**Work task**. Please repeat each entry. Match every word exactly.

Records contained in a dataset
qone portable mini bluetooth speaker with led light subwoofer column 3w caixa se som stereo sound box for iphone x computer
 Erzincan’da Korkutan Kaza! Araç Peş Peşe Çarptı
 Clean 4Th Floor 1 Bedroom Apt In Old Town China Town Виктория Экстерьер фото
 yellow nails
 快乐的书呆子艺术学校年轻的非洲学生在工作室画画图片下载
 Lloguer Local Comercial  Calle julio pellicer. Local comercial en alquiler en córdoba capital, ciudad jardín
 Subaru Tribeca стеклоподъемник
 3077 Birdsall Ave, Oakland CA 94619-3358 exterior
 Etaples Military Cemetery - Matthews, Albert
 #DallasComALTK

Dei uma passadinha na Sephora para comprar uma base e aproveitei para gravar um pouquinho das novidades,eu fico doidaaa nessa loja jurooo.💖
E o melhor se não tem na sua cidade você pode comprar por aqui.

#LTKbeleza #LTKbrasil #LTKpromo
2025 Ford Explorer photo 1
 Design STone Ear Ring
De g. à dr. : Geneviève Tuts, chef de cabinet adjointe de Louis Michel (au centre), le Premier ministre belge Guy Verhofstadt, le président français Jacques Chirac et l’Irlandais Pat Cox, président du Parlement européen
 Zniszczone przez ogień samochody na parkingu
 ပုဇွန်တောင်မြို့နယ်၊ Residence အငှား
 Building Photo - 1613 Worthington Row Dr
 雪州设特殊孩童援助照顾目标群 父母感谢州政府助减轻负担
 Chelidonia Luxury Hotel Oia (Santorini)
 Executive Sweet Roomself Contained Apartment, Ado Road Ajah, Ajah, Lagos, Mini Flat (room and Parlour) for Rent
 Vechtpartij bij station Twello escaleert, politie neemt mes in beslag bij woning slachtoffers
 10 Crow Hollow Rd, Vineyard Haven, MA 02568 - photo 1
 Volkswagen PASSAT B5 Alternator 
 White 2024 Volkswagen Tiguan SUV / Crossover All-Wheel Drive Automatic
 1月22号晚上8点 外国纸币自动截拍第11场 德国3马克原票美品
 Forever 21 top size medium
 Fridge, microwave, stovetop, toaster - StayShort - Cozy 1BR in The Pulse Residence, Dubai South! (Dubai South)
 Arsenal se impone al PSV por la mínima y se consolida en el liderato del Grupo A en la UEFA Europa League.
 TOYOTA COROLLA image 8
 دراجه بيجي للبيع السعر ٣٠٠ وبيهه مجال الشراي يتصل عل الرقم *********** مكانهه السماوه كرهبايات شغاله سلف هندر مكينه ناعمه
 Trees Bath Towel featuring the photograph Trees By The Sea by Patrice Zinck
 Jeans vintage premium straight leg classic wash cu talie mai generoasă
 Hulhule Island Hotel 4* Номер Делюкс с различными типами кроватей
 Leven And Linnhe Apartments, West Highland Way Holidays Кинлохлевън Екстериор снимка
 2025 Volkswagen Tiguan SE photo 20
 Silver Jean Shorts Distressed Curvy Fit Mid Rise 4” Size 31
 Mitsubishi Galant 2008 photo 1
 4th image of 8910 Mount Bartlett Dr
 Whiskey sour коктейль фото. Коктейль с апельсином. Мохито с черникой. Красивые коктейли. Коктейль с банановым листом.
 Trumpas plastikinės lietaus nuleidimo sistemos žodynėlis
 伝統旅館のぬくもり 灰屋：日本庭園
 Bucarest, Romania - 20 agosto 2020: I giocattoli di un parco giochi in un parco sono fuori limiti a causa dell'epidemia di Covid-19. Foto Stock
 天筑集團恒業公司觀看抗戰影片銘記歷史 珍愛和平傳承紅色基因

**Answer section**.
qone portable mini bluetooth speaker with led light subwoofer column 3w caixa se som stereo sound box for iphone x computer
 Erzincan’da Korkutan Kaza! Araç Peş Peşe Çarptı
 Clean 4Th Floor 1 Bedroom Apt In Old Town China Town Виктория Экстерьер фото
 yellow nails
 快乐的书呆子艺术学校年轻的非洲学生在工作室画画图片下载
 Lloguer Local Comercial  Calle julio pellicer. Local comercial en alquiler en córdoba capital, ciudad jardín
 Subaru Tribeca стеклоподъемник
 3077 Birdsall Ave, Oakland CA 94619-3358 exterior
 Etaples Military Cemetery - Matthews, Albert
 #DallasComALTK

Dei uma passadinha na Sephora para comprar uma base e aproveitei para gravar um pouquinho das novidades,eu fico doidaaa nessa loja jurooo.💖
E o melhor se não tem na sua cidade você pode comprar por aqui.

#LTKbeleza #LTKbrasil #LTKpromo
2025 Ford Explorer photo 1
 Design STone Ear Ring
De g. à dr. : Geneviève Tuts, chef de cabinet adjointe de Louis Michel (au centre), le Premier ministre belge Guy Verhofstadt, le président français Jacques Chirac et l’Irlandais Pat Cox, président du Parlement européen
 Zniszczone przez ogień samochody na parkingu
 ပုဇွန်တောင်မြို့နယ်၊ Residence အငှား
 Building Photo - 1613 Worthington Row Dr
 雪州设特殊孩童援助照顾目标群 父母感谢州政府助减轻负担
 Chelidonia Luxury Hotel Oia (Santorini)
 Executive Sweet Roomself Contained Apartment, Ado Road Ajah, Ajah, Lagos, Mini Flat (room and Parlour) for Rent
 Vechtpartij bij station Twello escaleert, politie neemt mes in beslag bij woning slachtoffers
 10 Crow Hollow Rd, Vineyard Haven, MA 02568 - photo 1
 Volkswagen PASSAT B5 Alternator 
 White 2024 Volkswagen Tiguan SUV / Crossover All-Wheel Drive Automatic
 1月22号晚上8点 外国纸币自动截拍第11场 德国3马克原票美品
 Forever 21 top size medium
 Fridge, microwave, stovetop, toaster - StayShort - Cozy 1BR in The Pulse Residence, Dubai South! (Dubai South)
 Arsenal se impone al PSV por la mínima y se consolida en el liderato del Grupo A en la UEFA Europa League.
 TOYOTA COROLLA image 8
 دراجه بيجي للبيع السعر ٣٠٠ وبيهه مجال الشراي يتصل عل الرقم *********** مكانهه السماوه كرهبايات شغاله سلف هندر مكينه ناعمه
 Trees Bath Towel featuring the photograph Trees By The Sea by Patrice Zinck
 Jeans vintage premium straight leg classic wash cu talie mai generoasă
 Hulhule Island Hotel 4* Номер Делюкс с различными типами кроватей
 Leven And Linnhe Apartments, West Highland Way Holidays Кинлохлевън Екстериор снимка
 2025 Volkswagen Tiguan SE photo 20
 Silver Jean Shorts Distressed Curvy Fit Mid Rise 4” Size 31
 Mitsubishi Galant 2008 photo 1
 4th image of 8910 Mount Bartlett Dr
 Whiskey sour коктейль фото. Коктейль с апельсином. Мохито с черникой. Красивые коктейли. Коктейль с банановым листом.
 Trumpas plastikinės lietaus nuleidimo sistemos žodynėlis
 伝統旅館のぬくもり 灰屋：日本庭園
 Bucarest, Romania - 20 agosto 2020: I giocattoli di un parco giochi in un parco sono fuori limiti a causa dell'epidemia di Covid-19. Foto Stock
 天筑集團恒業公司觀看抗戰影片銘記歷史 珍愛和平傳承紅色基因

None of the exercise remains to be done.